He said it never really felt a home match, with all the supposed benefits that status usually brings.

This season’s first Super Rugby season in its expanded format saw the Cheetahs, so often poor cousins in the past, find some good mojo at times – including much greater competitiveness abroad and a memorable home win over the Crusaders.

Fiddling with their momentum by lumping them with the Kings, and zigzagging between the Free State Stadium and Nelson Mandela Bay Stadium for “home” assignments, just doesn’t seem a beneficial move for either party, frankly.

It is also not in the broad national interest to dilute the Cheetahs brand: the region remains a phenomenal treasure trove of talent, particularly because of that amazing nursery of Grey College, with flyhalf phenomenon Johan Goosen just one gem to burst to the domestic forefront last season.

The emergence and development of players like him must not be impaired by the creation of a distractive combination with a faraway other region.

A problem with the Kings possibly entering Super Rugby as a standalone entity in two years’ time is that their presence would only complicate an already ludicrously congested southern hemisphere season, when a British and Lions tour of Australia has to be squeezed in and bye weekends for the Aussie franchises, especially, are thus going to be extremely hard to factor in.

My own gut feel is that the Southern Kings issue will simply stay on a smouldering backburner for another few years, regardless of whatever Super Rugby 2013 “promises” or “assurances” may have already been made.

Meanwhile, other methods must be thrashed out to skin the cat they call the Southern Kings ...

*Follow chief writer Rob Houwing on Twitter: @RobHouwing

Rob is Sport24's chief writer

Sport24 encourages freedom of speech and the expression of diverse views. The views of columnists published on Sport24 are therefore their own and do not necessarily represent the views of Sport24.


  • Stephen - 2011-11-29 14:24

    Only logical option if you HAD to merge would be to merge the Lions and the Bulls, and this is only from a logistical point of view. Another option would be to have 6 franchises with a promotion relegation game to decide whether or not the Kings could replace whichever of the current teams finishes last in next year's competition. On the evidence I doubt that this would happen as EP (the Southern Kings in all but name) were severley thrashed by Boland. Let's see what happens.

  • Kosie - 2011-11-29 15:41

    none of the kings players will make the team anyway. lol.

      Thomas - 2011-11-29 21:20

      Dead right, they bring nothing to the table!!!!!!!!!

      tonybighit - 2011-12-01 07:49

      Just in the same way that the cheetahs will never make the Super Rugby play offs.
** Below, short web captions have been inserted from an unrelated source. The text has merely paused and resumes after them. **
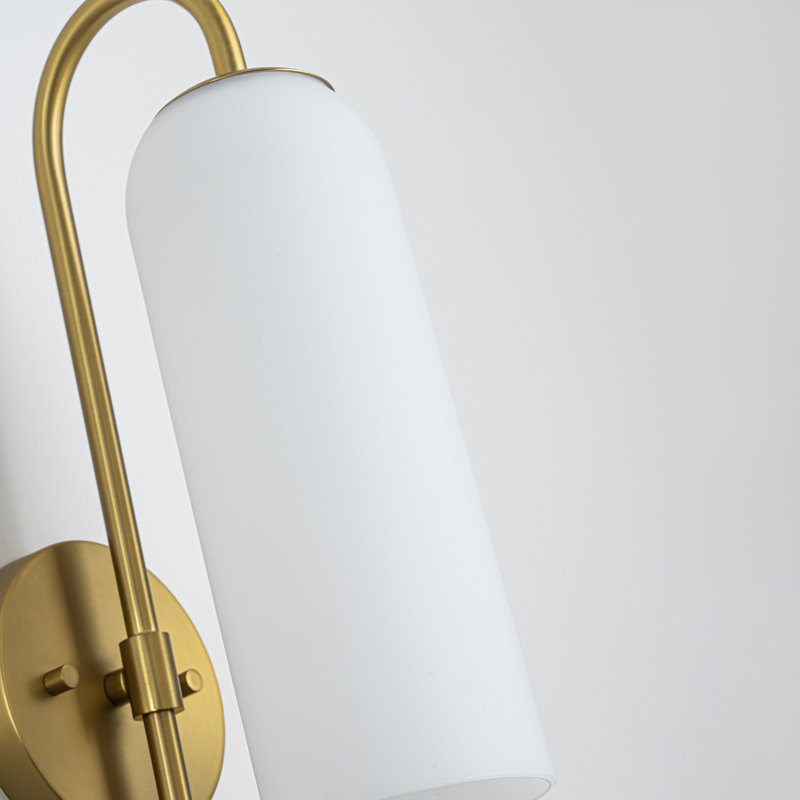Dimmable Armed Wall Sconce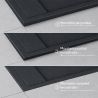 Cadita dus, compozit de marmura, scurgere ascunsa, inaltime 3 cm, Antracit Mat, dimensiune: 80-90x120 cm, GEO10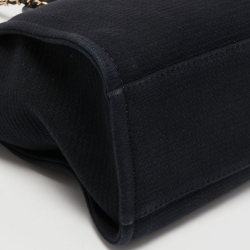Pre Owned Chanel Black Canvas Small Deauville Tote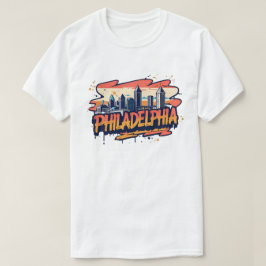 Philadelphia City Pennsylvania USA Skyline T-Shirt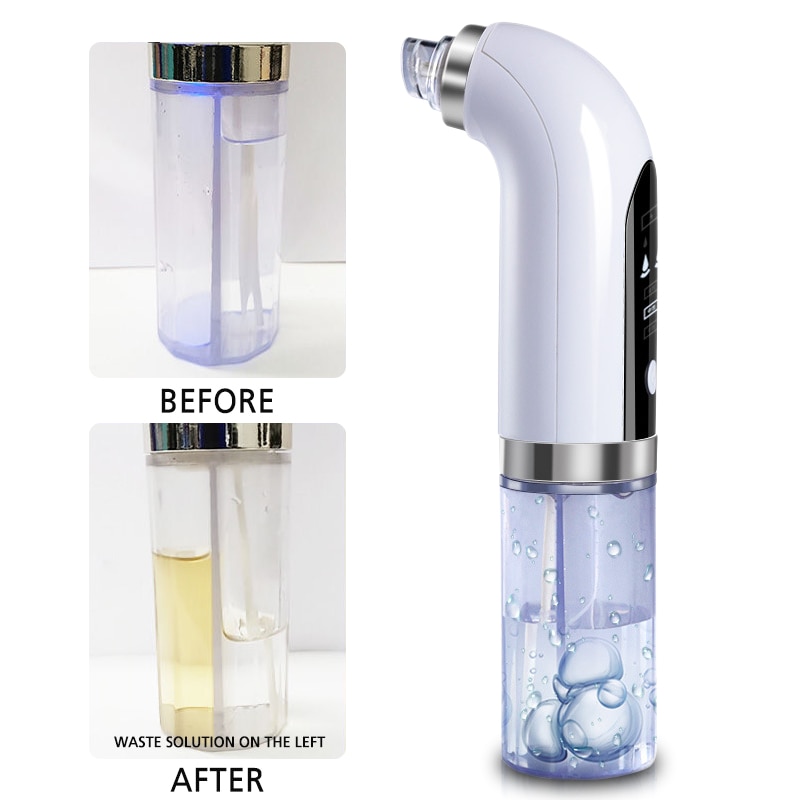 Electric Small Bubble Blackhead Remover Facial Vacuum Pore Blackhead Cleaner Water Cycle Acne Pimple Clean Beauty Skin Care Tool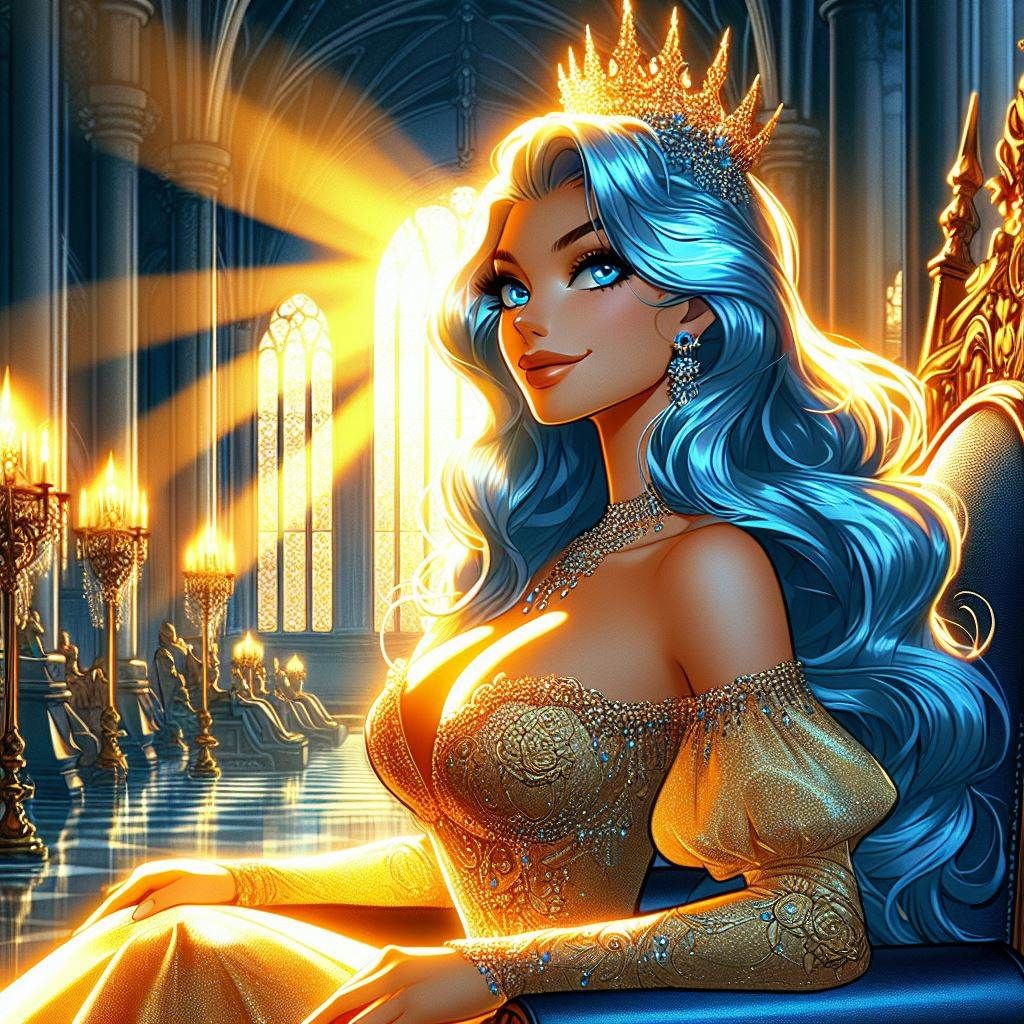 A Queen Upon Her Throne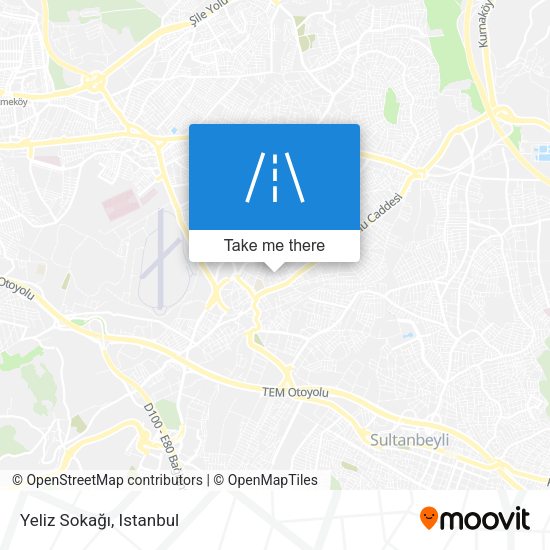 Yeliz Sokağı map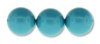 25 8mm Turquoise Swarovski Pearl Beads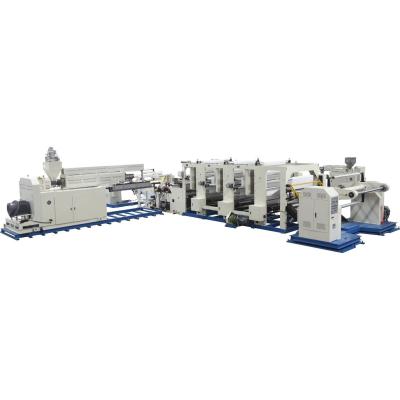 China Three Colors Gravure Paper Printing Film Extrusion Coated Laminating Machine for sale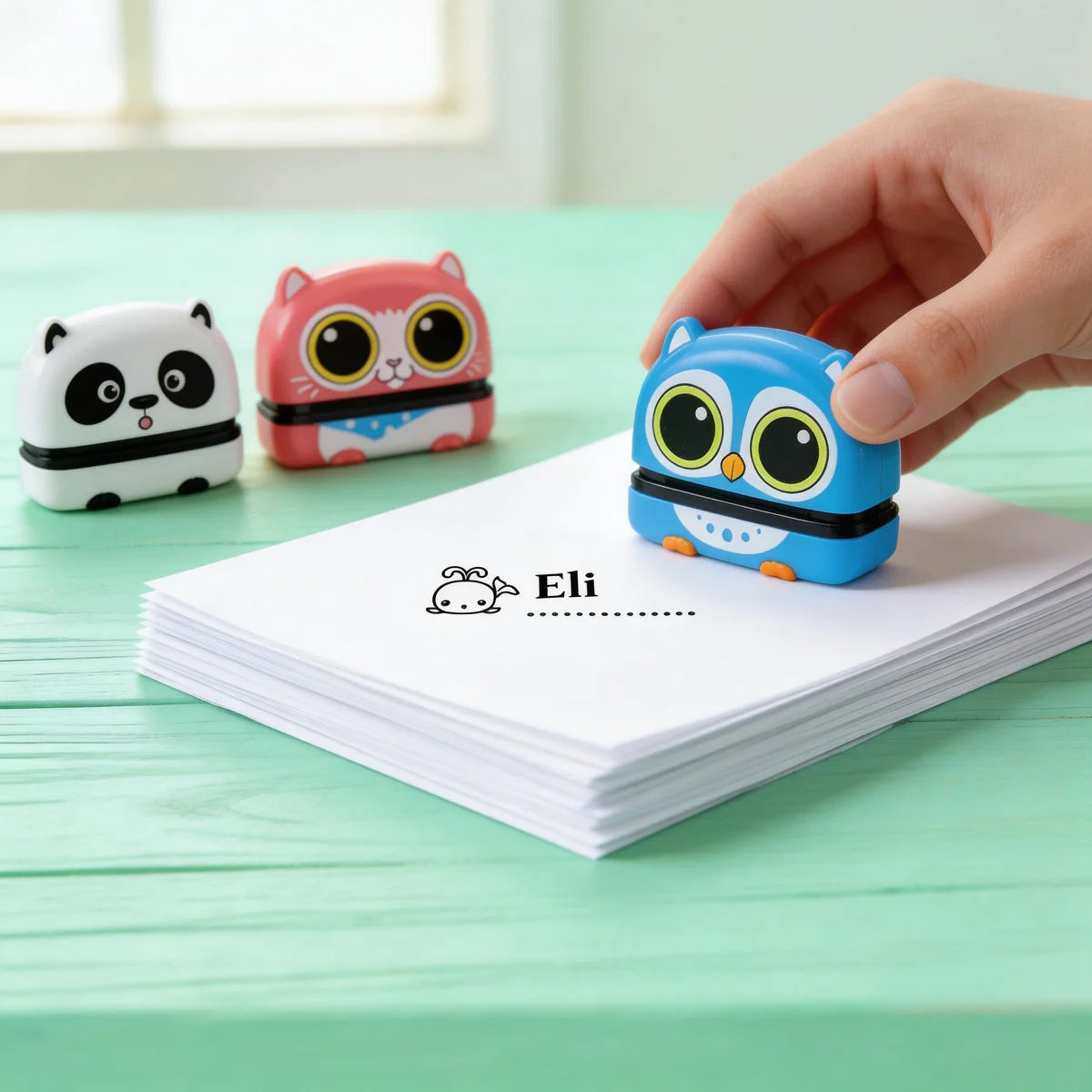 Autocollants Prénom Personnalisés pour Enfants – Lavables, Réutilisables & Non Toxiques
  • bruce.taylor3 - 2011-11-30 06:29

    why not simply have a last place playoff f the kings vs who came last on the log in south africa in the super rugby last year, if the kings beat them then tey play the next seson , that way we keep our strongest sides in the compitition at all times and its a fairer way to test the true strength of the sides plating for SA

  • Mark - 2011-11-30 09:13

    Rob Why don't they have three conferences (or more if you add Argentinean teams to possibly others from Tonga, Samoa, Fiji and possibly even Japan) with as many teams as the union wants. That conference plays each other on a 'home-and-away' basis (much like the Currie Cup) with the top two or three teams going through to a finals series. If you had 4 conferences each sending two teams to the 'next' phase, you could have a round robin stage of strength versus strength with the top four teams playing the semis and finals. That way we get the Currie Cup, The ABs get the ITM cup and the Aussies get their home series, all under the umbrella of super rugby. It will also give players from teams who don't make the second stage and/or finals rest from a very long season.

      Zion - 2011-12-05 17:28

      I agree Mark but exorbitant expenses may scuttle the viability of such a measure. Those expenses would then be borne by the supporters at the gate.
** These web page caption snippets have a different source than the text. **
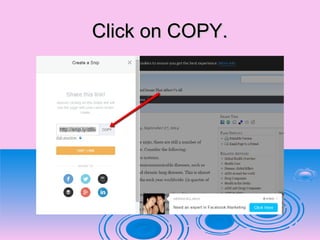 Click on COPY.Click on COPY.
 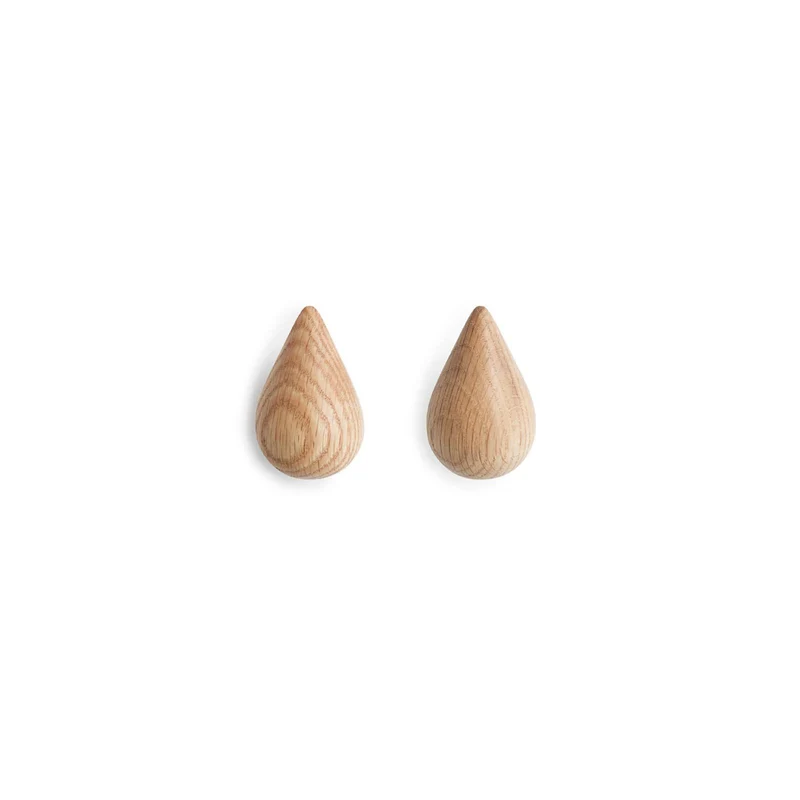 Dropit Hooks Small Oak (Set de 2)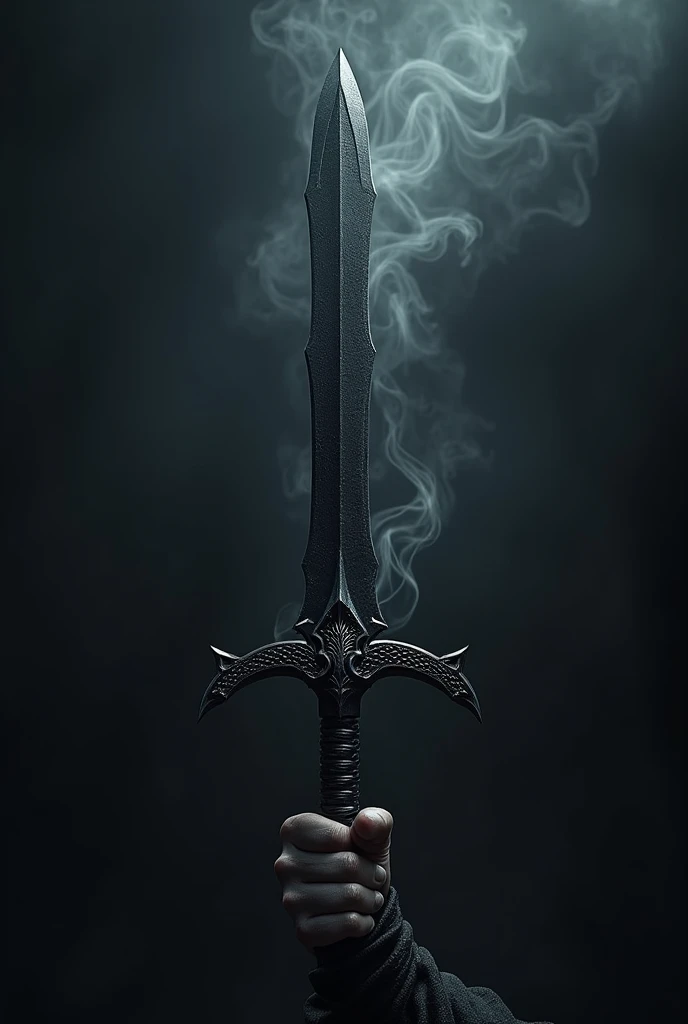The Black Dragon Sword has a dark aura.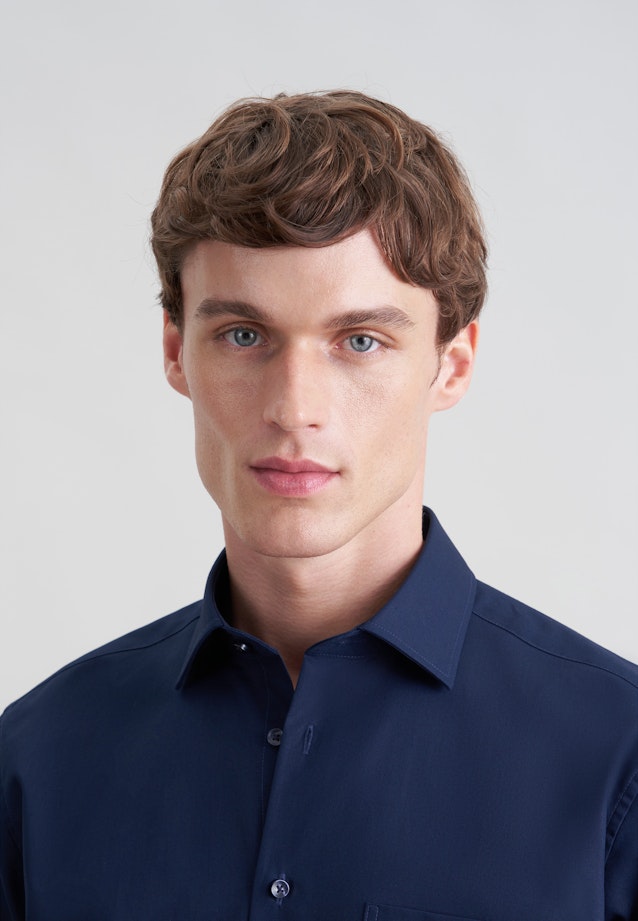 Regular Business Hemd Uni in Dunkelblau |  Seidensticker Onlineshop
  • jonker.fourie - 2011-11-30 15:05

    Face it, Rob doesn't like the idea of the Kings just like so many others. The only reason for this is the fact that somebody else's beloved team will be no more to make way for the Kings. Super Rugby are spread over the whole country with all the areas except for the Eastern Cape getting a bite of the apple. All the smaller provinces except for the King's feeder provinces have some kind of involvement in Super Rugby. Down here we have nothing and nobody wants to give us an opportunity. They keep complaining that the teams aren't strong enough, but its all about money and without participation in Super Rugby there is no money. How many players in the Super Rugby teams were actually groomed in those provinces and how many were bought? In the era of professional rugby money talks and without Super Rugby there is no money. So admit it. Its not about where EP, SWD and Border is now, its about somebody else loosing out.
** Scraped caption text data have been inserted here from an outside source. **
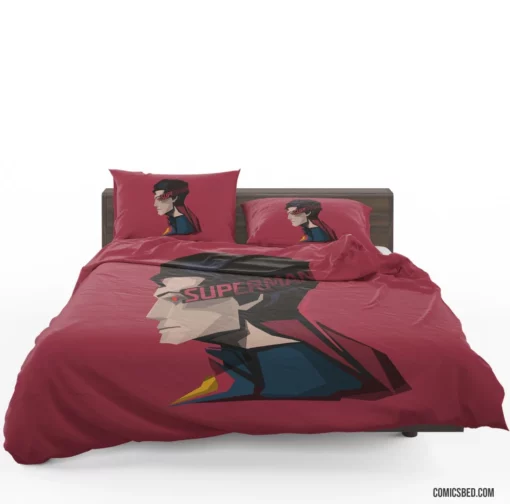 Iconic Hero DC Superman Unveiled Comic Bedding Set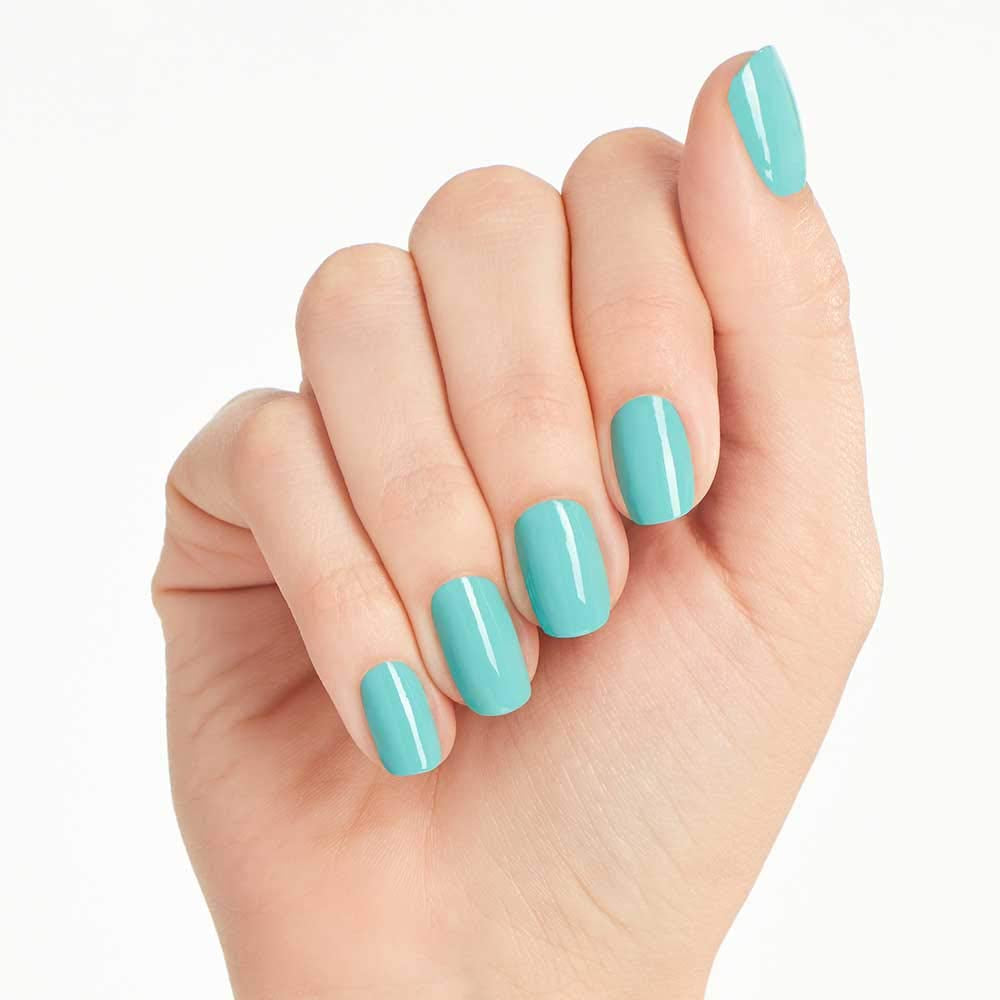 OPI Nail Lacquer Nail Polish | Opaque Light Blue Crème Chip Resistant Nail Polish | Vegan, Fast Drying, Streak Free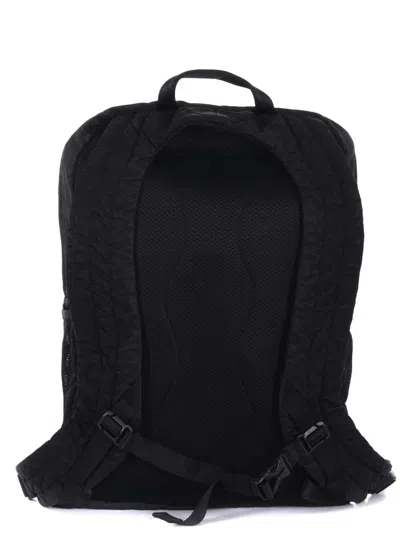C.p. Company Lens-detail Top-handle Backpack In Black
      goyougoodthing - 2011-11-30 17:59

      maybe start with managing to win the 1st division, then make the Premier Division, then get into top 6, then you have a claim. Right now you are below par and expecting a handout at the expense of better teams. You already benefit from test matches which you don't pay the full rights to like the other Unions. SARU won't even discuss matters such as the special rights fees you pay, the actual revenue from 'full stadia' etc. A full house with low revenue shows that tickets have been given away and not sold, thus making a mockery of 'support' in the EP. People will go to the opening of a paper bag if it's free. If you want to be taken seriously, play on the same field as everyone else, don't play the politics and not the truth.

      goyougoodthing - 2011-11-30 18:21

      How people can thumbs down the truth speaks volumes about South Africa

      christo.present - 2011-11-30 23:06

      @goyougoodthing. It shows that you don't understand. Look at all the super teams. How many of that players are actually from that region. If Kings will get super status then players will go play for them . They then have the right to buy players. They will be a strong team. In the early years of Currie Cup EP was ons of the 6 top teams. Look at Natal . After professional rugby they could only win the CC. Same with Tvl.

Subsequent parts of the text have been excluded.